Mar 1, 2010
Social creativity: turning barriers into opportunities for collaborative design (Fischer, 2004)
Social creativity: turning barriers into opportunities for collaborative design (Fischer, 2004)
Design problem complexity (requiring expertise in a wide range of domains) means that communities, not individuals, are needed for creative resolution.
Social nature of creativity:
The individual as the ‘almighty creator’ is an overused and overrated concept. Most creativity arises from interaction and collaboration – the relationships between the individual and the world/setting/socio-cultural context and the individual and other human beings.
Design communities face barriers:
1: Spatial – Physical distance still poses problems. Different stages/processes may require face-to-face interaction (e.g. dealing with ill-defined problems, building mutual trust). “Digital technologies are adept at maintaining communities already formed. They are less good at making them” (Brown and Duguid, 1991, cited).
BUT, digital technologies bring spatially disparate actors together, building relationships based more on similar concerns than proximity.
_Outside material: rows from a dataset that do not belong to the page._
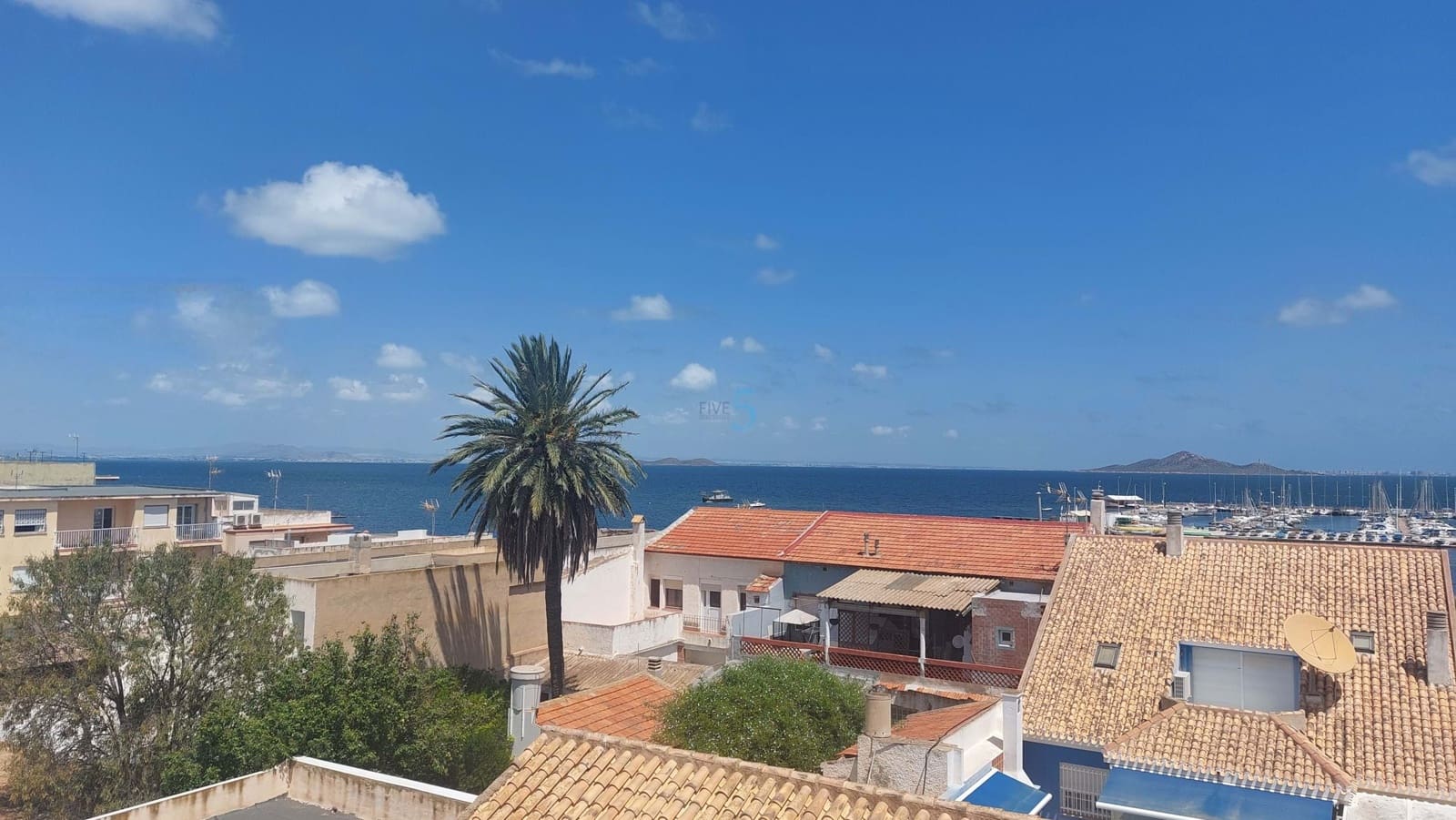 3 soveværelse Lejlighed til salg i Los Nietos - € 92.000 (Ref: 9151071)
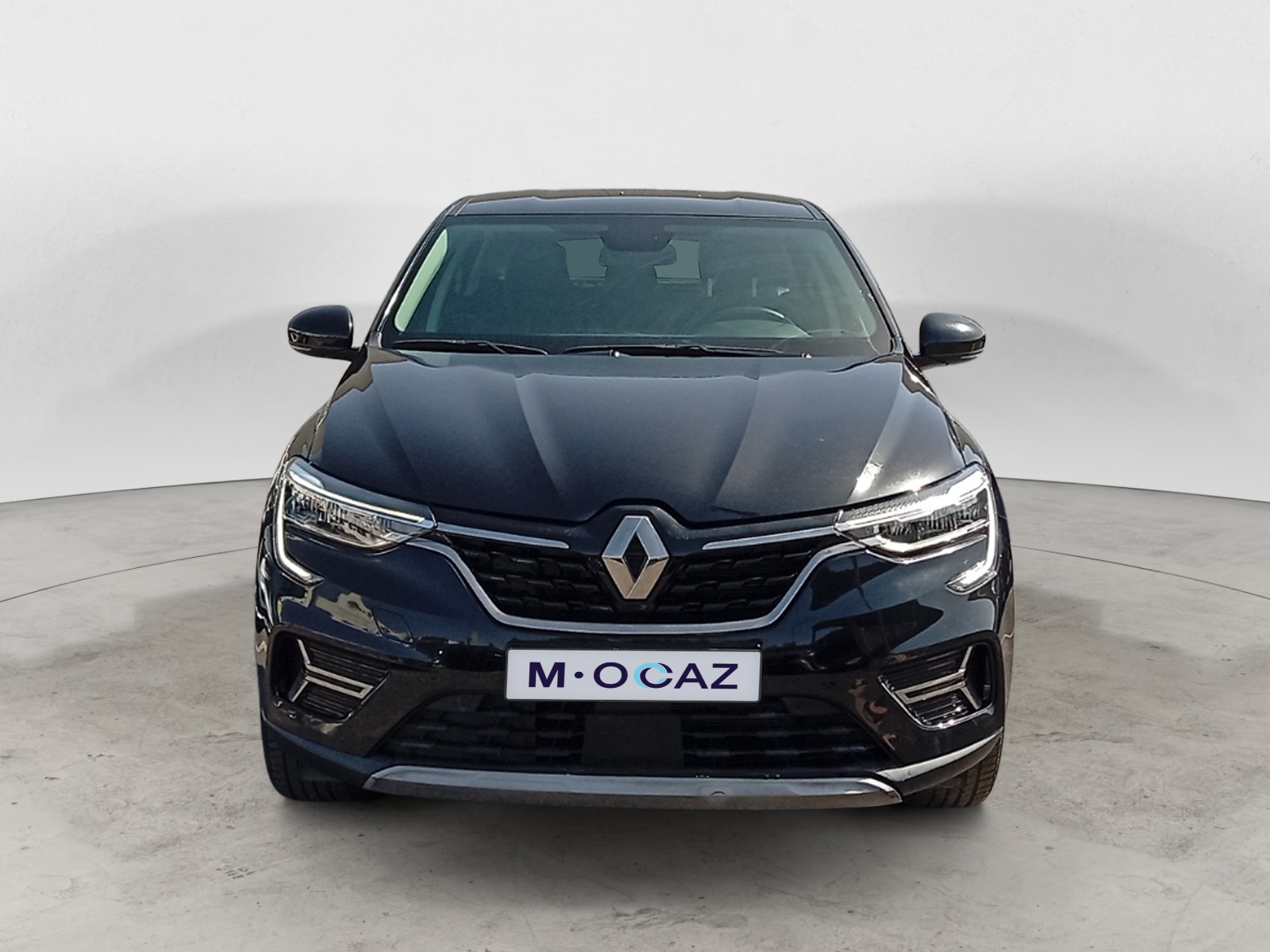 RENAULT ARKANA-RENAULT ARKANA ARKANA I - PH1 - 1.6 E-TECH FULL HYBRID EQUILIBRE BVA 145CH-image-5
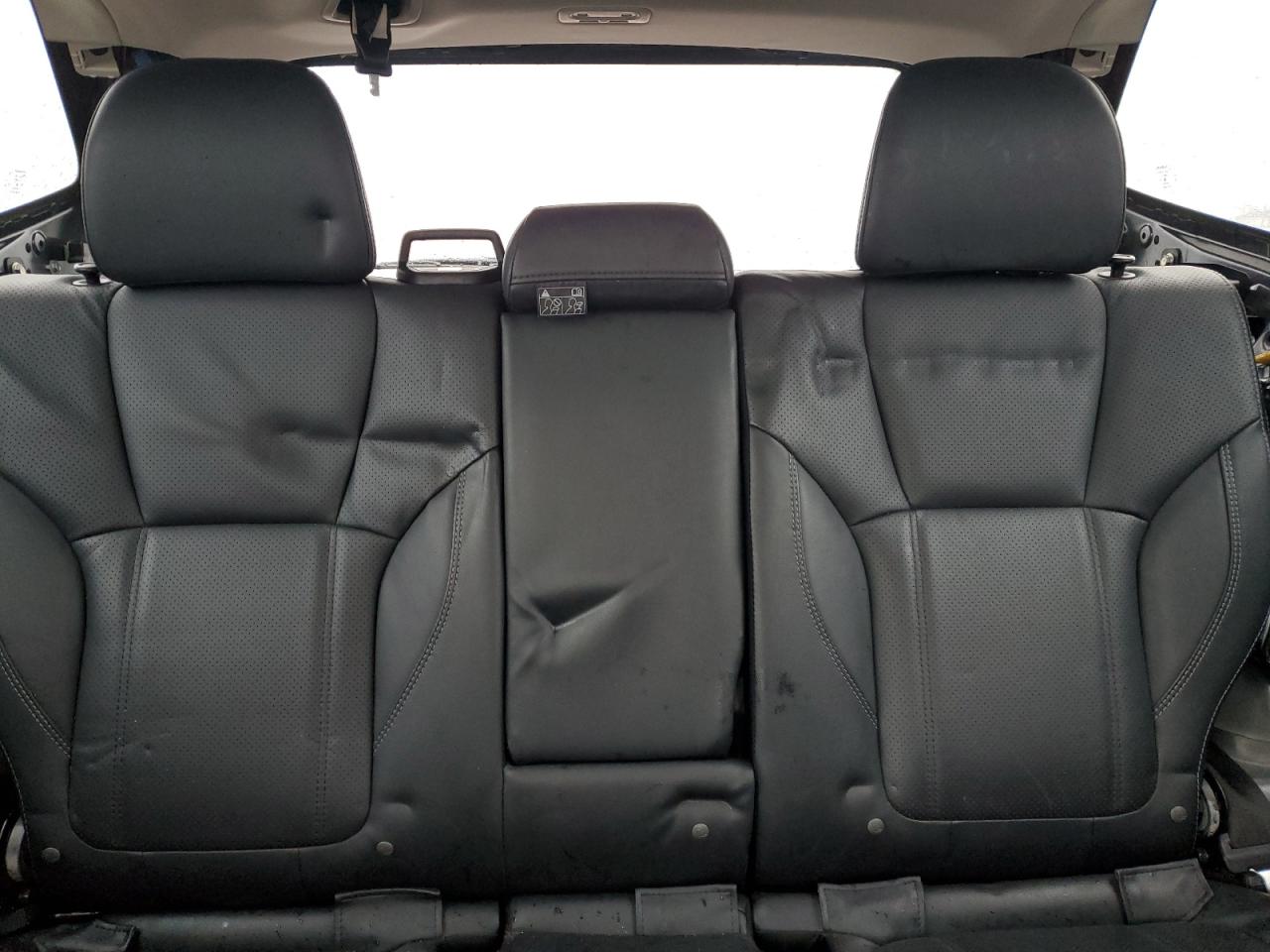 2021 Subaru Forester - Image 10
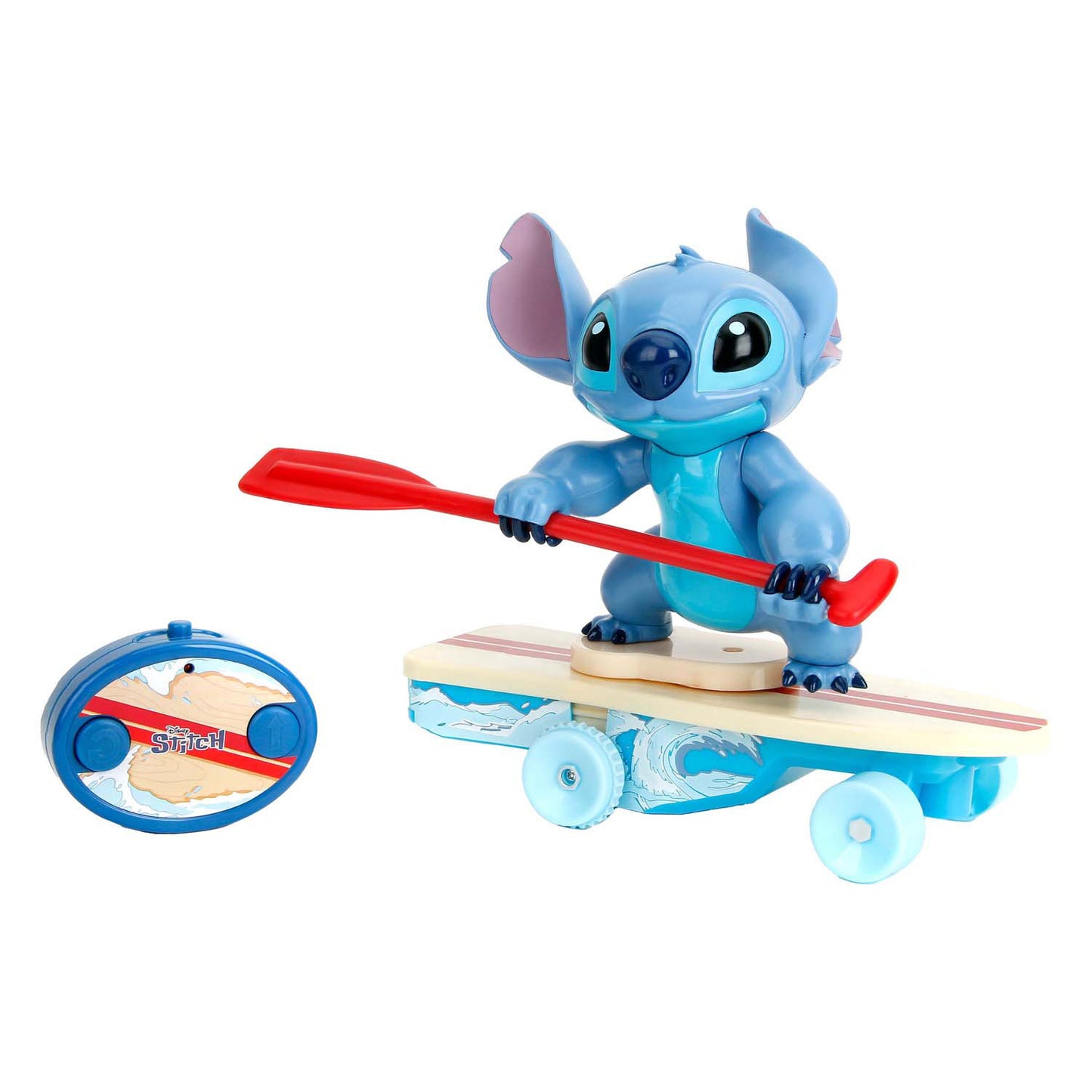 JADA rc surfer stitch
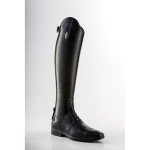 Tricolore by DeNiroBootCo - Amabile Smooth Field Boot
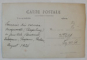 FOTOGRAFIE DE GRUP PE CALEA FERATA  DIN EXCURSIA  LA CAMPULUNG , TIP CARTE POSTALA , 1926
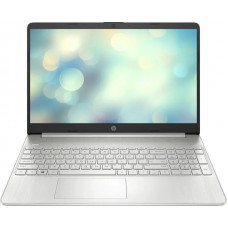 Ноутбук HP 15s-fq5039ua (A5AJ2EA) Silver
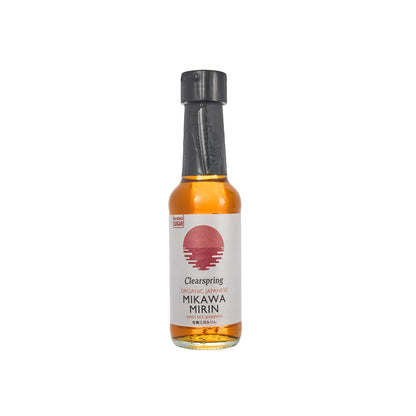 Organic Sweet Rice Seasoning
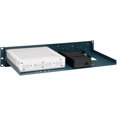 thumbnail image 2 of RACKMOUNT.IT Cisrack Rack Mount for Network Security & Firewall Device - Jet Black - TAA Compliant, 2 of 3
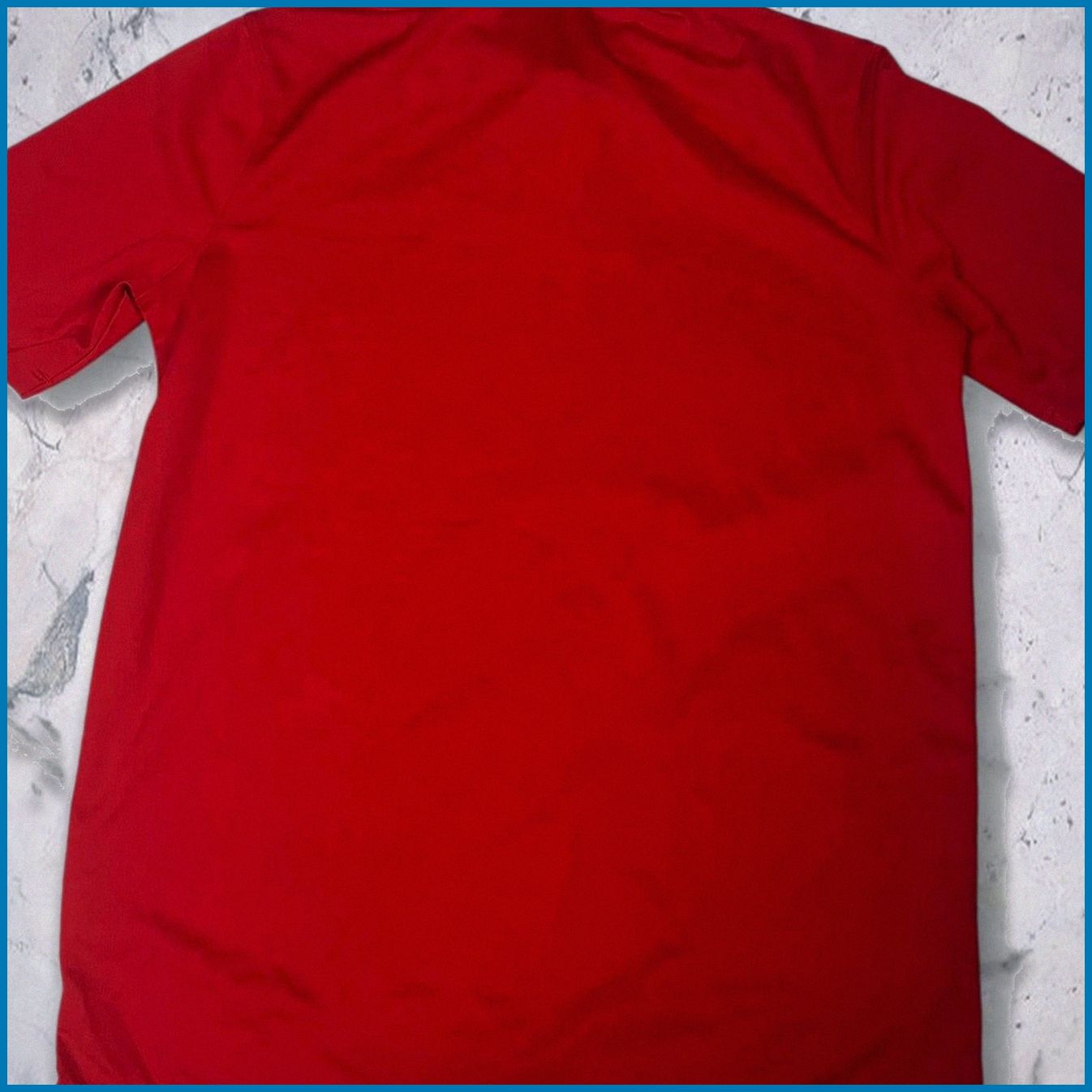 Nike Vintage Polo Shirt Kids Xl 4-198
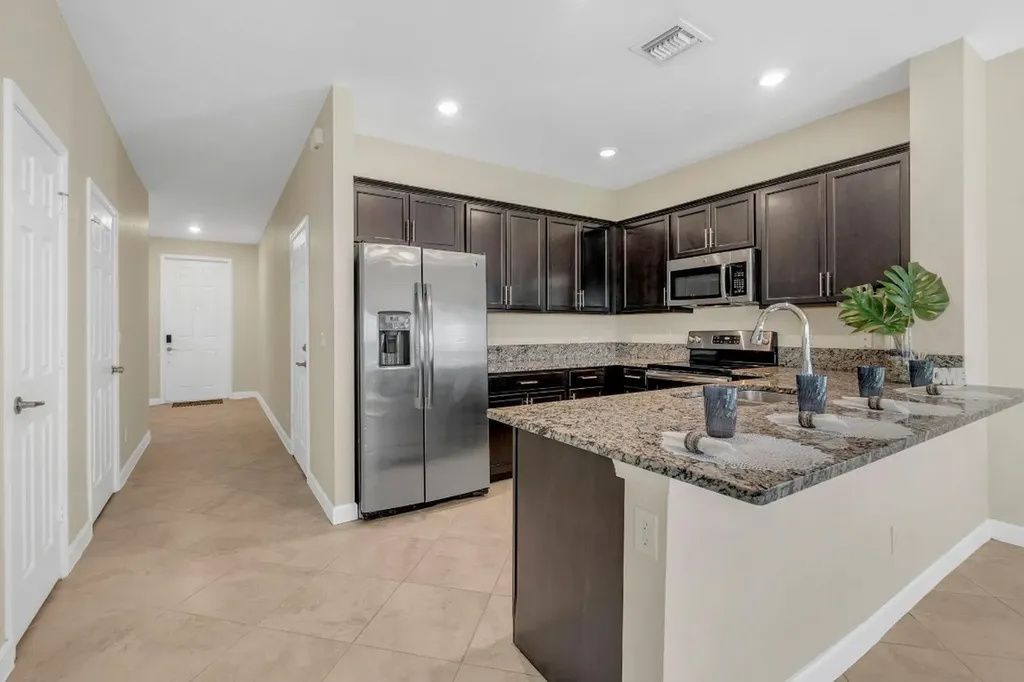 4661 Silver Saw Lane Lake Worth FL 33463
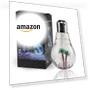 Превью USB Air Humidifier Bulb Lamp — Air Moisturizers, CHUNGHOP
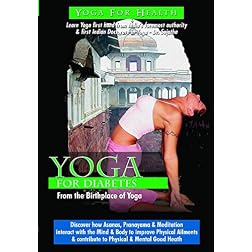Yoga: Diabetes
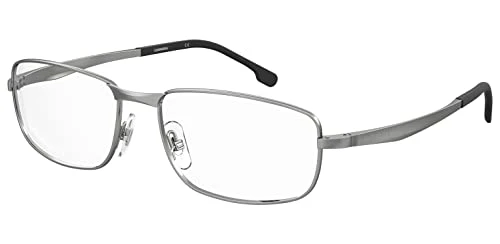 8854 Sunglasses, KJ1/17 DK RUTHENIUM, 57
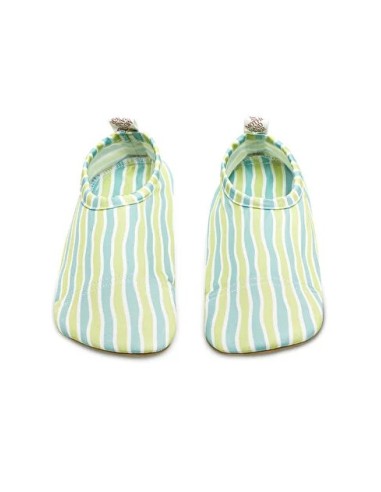 Sand Mother - Lime Oasis Patik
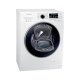 Samsung WW90K5400UW lavatrice Caricamento frontale 9 kg 1400 Giri/min Bianco 11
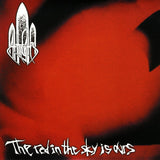 At The Gates - Red in the sky is ours (CD)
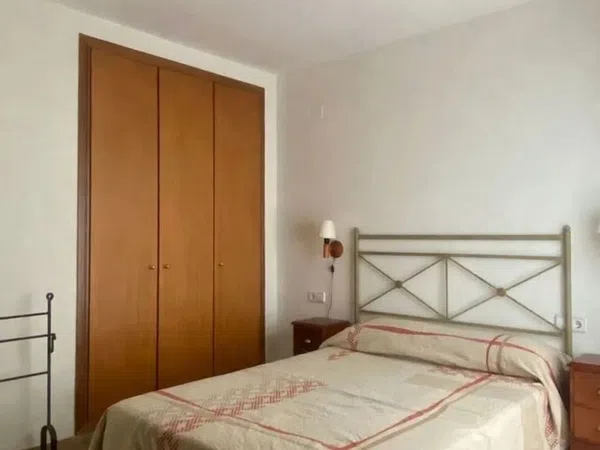 Alquiler de piso en Calle de Vinatea, 21
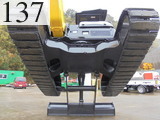 Used Construction Machine Used YANMAR YANMAR Excavator 0.2-0.3m3 B6-6A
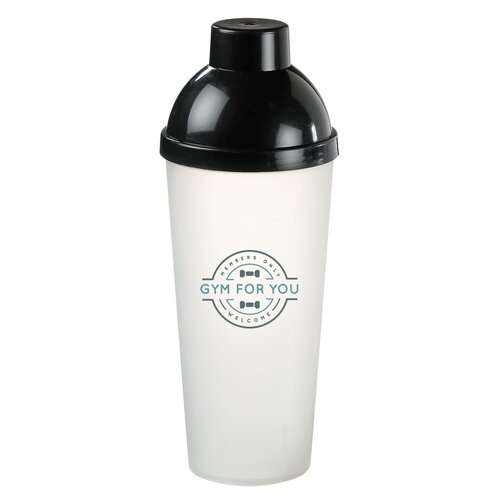 Shaker &quot;Lagoon&quot; 0,5 l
Further, more and more varied people can be included, thus increasing the base of knowledge, skills, diversity essential to creative production.
E.g. open source software, Web2gether
2: Temporal – Mastering a domain in order to be able to transcend it is a key creative strategy. Many design projects are long, are continuously evolving and iterative. When people who were not members of the original team enter the mix, they often need to collaborate with the orignal designers. This means that they need to understand the rationale of and possible alternatives to the original solution (and that these were recorded in the first place). Closed system and designer biases against documentation make this difficult to acheive on a long-term basis. Further, project functionality needs to be adaptable over time.
BUT, long-term, indirect collaboration (Fischer et al., 1992, cited) systems that support communication about artifacts and context and rationale can help with this.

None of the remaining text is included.